Posts filed under ‘Subarnapur’

Drought threat looms large over western Odisha

Following is a report from OTV

Bhubaneswar: While Odisha may have registered a healthy 12.9 percent surplus rainfall this monsoon season, drought threat looms large over a significant portion of western Odisha.

Bargarh, which is also known as the ‘Rice bowl of Odisha,’ along with areas of Sambalpur, Nuapada and Sundergarh have been badly affected by deficit rainfall this monsoon season.

It is to be noted that this is the third consecutive year that western Odisha is facing a drought situation.

In the beginning of the monsoon this year, farmers were quite optimistic after good spells of rain, however as the paddy crops began to ripen, rain subsided.

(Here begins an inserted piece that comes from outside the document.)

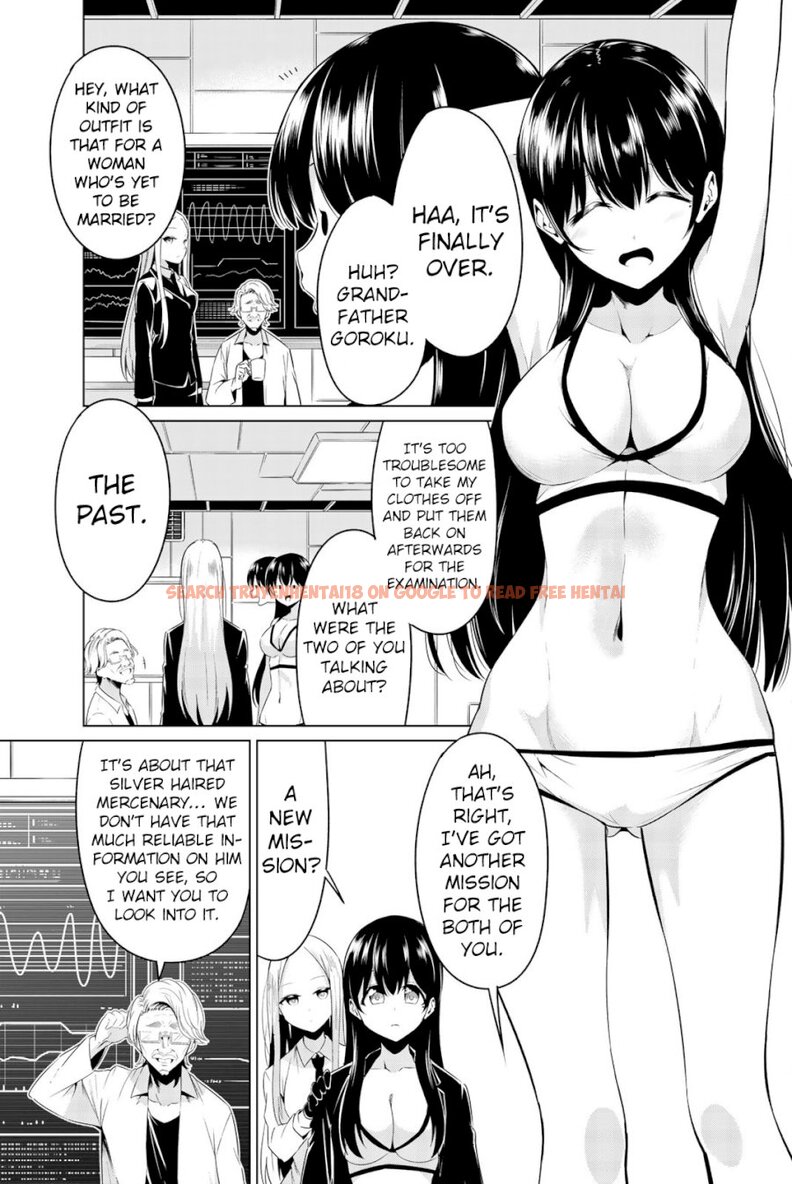 Read Hentai Image 8 389 in comic Sekai Ka Kanojo Ka Erabenai - Chapter 29 - www.hentaitnt.net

The situation is quite severe in Sohela and Bijepur block of Bargarh, sources said.

Farmer outfits have urged the government to take necessary steps to provide water pumps and pipe connection to sustain cultivation.

In Nuapada district, after three consecutive seasons of drought-like condition, farmers had hoped that this year would be a silver lining. On the contrary rainfall was not as expected.

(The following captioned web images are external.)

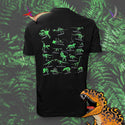 1993 Dino Pack X Gecko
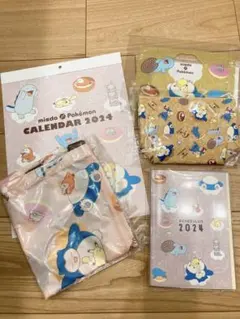 ミスド　ポケモンコラボグッズ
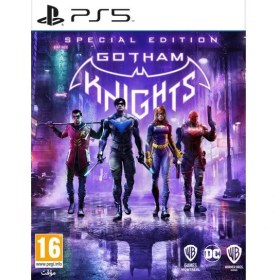 Resim Gotham Knights Special Edition Ps5 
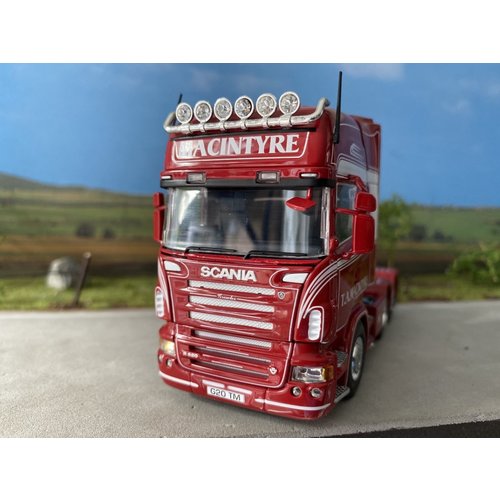 Tekno Tekno Scania R620 6x2 Topline single truck Macintyre UK Tekno Tekno Scania R620 6x2 Topline single truck Macintyre UK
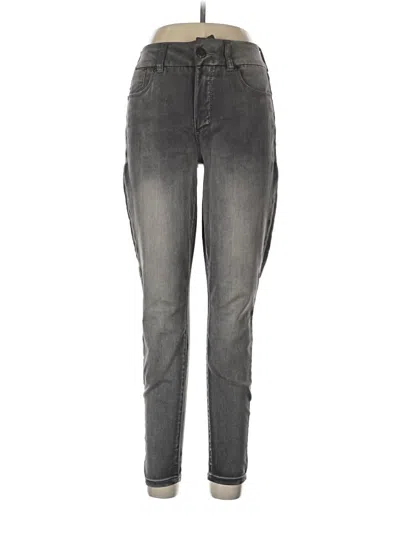Pre-owned Seven7 Jeans In Gray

The condition is no less grim in Sambalpur district where hundreds of farmers and other locals led by BJP MLA Rabi Naik stormed to the streets demanding drought-hit status for Kuchinda sub-division.

Cultivators have warned that if the government does not take any proactive steps to mitigate the condition and provide adequate compensation, they would intensify their agitation.

“If the government does not ensure quick disbursement of crop insurance and compensation, we will launch protests,” farmer leader, Vimal Joshi said.

Meanwhile, the administration has assured to assist the farmers in tackling the situation.

“We have already begun arrangements to provide diesel pump sets at subsidised prices. This apart, we are also providing water connection from canals and other water sources to affected farmlands at subsidised rates,” said deputy director of Agriculture department in Bargarh, Dinabandhu Gandhi.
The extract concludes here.